**RECORDS:**
┄┄┄┄┄┄

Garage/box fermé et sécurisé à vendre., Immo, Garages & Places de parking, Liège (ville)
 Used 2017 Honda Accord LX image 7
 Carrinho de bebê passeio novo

┄┄┄┄┄┄

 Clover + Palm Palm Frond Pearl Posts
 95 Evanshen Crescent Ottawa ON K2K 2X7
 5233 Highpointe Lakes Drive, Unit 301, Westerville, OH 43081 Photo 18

┄┄┄┄┄┄

**WHAT YOU SHOULD DO:** Could you repeat exactly the lines in the listing above from the one with "Garage/box fermé et" down to the one with "Carrinho de bebê passeio novo"? Include both of those lines.

**EXERCISE RESPONSE:**
Garage/box fermé et sécurisé à vendre., Immo, Garages & Places de parking, Liège (ville)
 Used 2017 Honda Accord LX image 7
 Carrinho de bebê passeio novo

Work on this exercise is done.